PhageLeads: Rapid Assessment of Phage Therapeutic Suitability Using an Ensemble Machine Learning App
PhageLeads is a new tool for rapid assessment of phage therapeutic suitability based on 3 checkpoints: 1) the presence of temperate markers, 2) antimicrobial resistance (AMR) genes and 3) virulence genes.
PhageLeads was developed as a collaborative effort between the GLOBE institute and the center for Hologenomics at the University of Copenhagen, the Phage Therapy center at Leicester University, and the Centre for omics driven computational biodiscovery at AIMST University.

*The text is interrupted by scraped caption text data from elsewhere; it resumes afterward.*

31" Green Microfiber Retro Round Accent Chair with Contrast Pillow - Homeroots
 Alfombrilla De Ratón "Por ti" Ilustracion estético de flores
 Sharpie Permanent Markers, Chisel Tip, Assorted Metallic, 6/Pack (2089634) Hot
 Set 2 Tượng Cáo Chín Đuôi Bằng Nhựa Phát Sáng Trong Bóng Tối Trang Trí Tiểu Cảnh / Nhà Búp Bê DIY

The characterization of therapeutic phage genomes plays a crucial role in the success rate of phage therapies. There are three checkpoints that need to be examined for the selection of phage candidates, namely, the presence of temperate markers, antimicrobial resistance (AMR) genes, and virulence genes. However, currently, no single-step tools are available for this purpose. Hence, we have developed a tool capable of checking all three conditions required for the selection of suitable therapeutic phage candidates. This tool consists of an ensemble of machine-learning-based predictors for determining the presence of temperate markers (integrase, Cro/CI repressor, immunity repressor, DNA partitioning protein A, and antirepressor) along with the integration of the ABRicate tool to determine the presence of antibiotic resistance genes and virulence genes. Using the biological features of the temperate markers, we were able to predict the presence of the temperate markers with high MCC scores (>0.70), corresponding to the lifestyle of the phages with an accuracy of 96.5%. Additionally, the screening of 183 lytic phage genomes revealed that six phages were found to contain AMR or virulence genes, showing that not all lytic phages are suitable to be used for therapy. The suite of predictors, PhageLeads, along with the integrated ABRicate tool, can be accessed online for in silico selection of suitable therapeutic phage candidates from single genome or metagenomic contigs.
By utilizing the protein features of these temperate markers, PhageLeads was able to predict the lifestyle of phages with high accuracy (96.2%). PhageLeads consists of five individual temperate protein predictors for the temperate markers, which predict the presence of these markers in phage genomes. Based on the presence of either one or multiple markers, we were able to effectively classify the lifestyle of phages (lytic or temperate). Additionally, the lytic phage genomes were screened using ABRicate tool, in which some lytic phages were found to encode antimicrobial resistance and virulence proteins, deeming them unsafe for phage therapy. PhageLeads was able to predict the presence of temperate markers in a single phage in 1.6 s on average and was able to detect the resistance and virulence genes in an average of 8.1 s, compared to 2.3 s taken for BACPHLIP to predict the lifestyle of a single phage. PhageLeads is available as an online tool at www.phageleads.dk as a part of the PhageCompass consortium (www.phagecompass.dk), making it easily accessible for researchers and as an effective tool for determining the suitability of phage for therapeutic use. Additionally, PhageLeads can also be used for predicting the presence of lysogenic markers for metagenomic contigs.